Instructions for the task
Omit all pictures, and print word for word only the lines from the one containing "Women’s grey cargo pants" through the end of the data.

━━━━

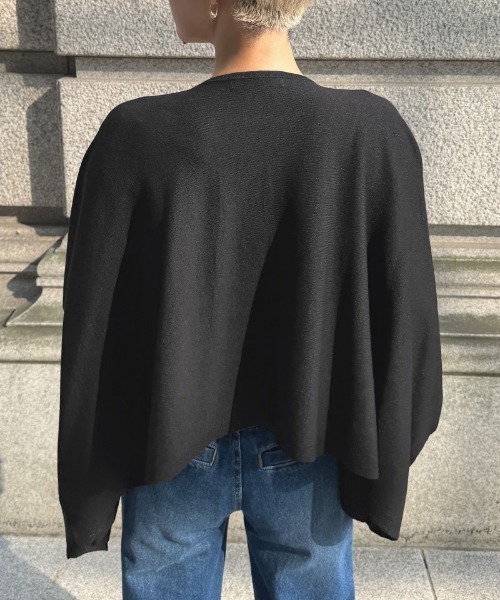 JENNE(ジェンヌ)の「マルチウェイニットケープ(その他トップス・レディース・ブラック/ホワイト・SMALL/MEDIUM/LARGE)」の5枚目の写真
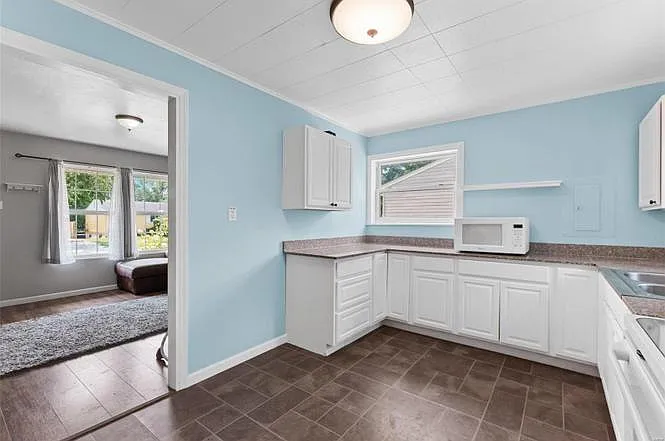 31 Warsen Ave — Photo 8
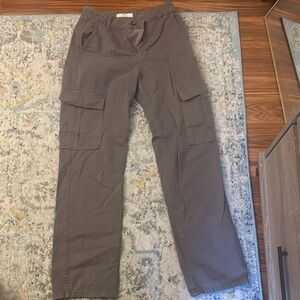 Women’s grey cargo pants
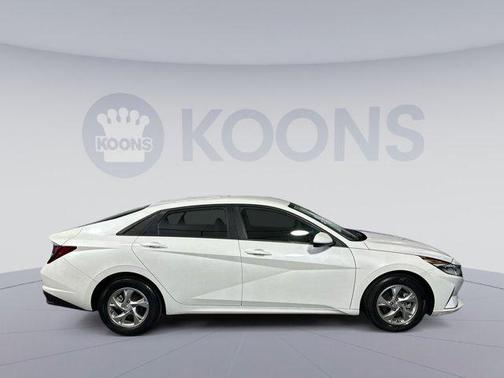 2021 Hyundai ELANTRA SE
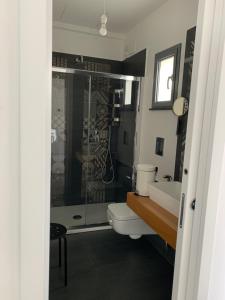Een badkamer bij Appartamenti Addimuru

━━━━

Answer section
 Women’s grey cargo pants
 2021 Hyundai ELANTRA SE
Een badkamer bij Appartamenti Addimuru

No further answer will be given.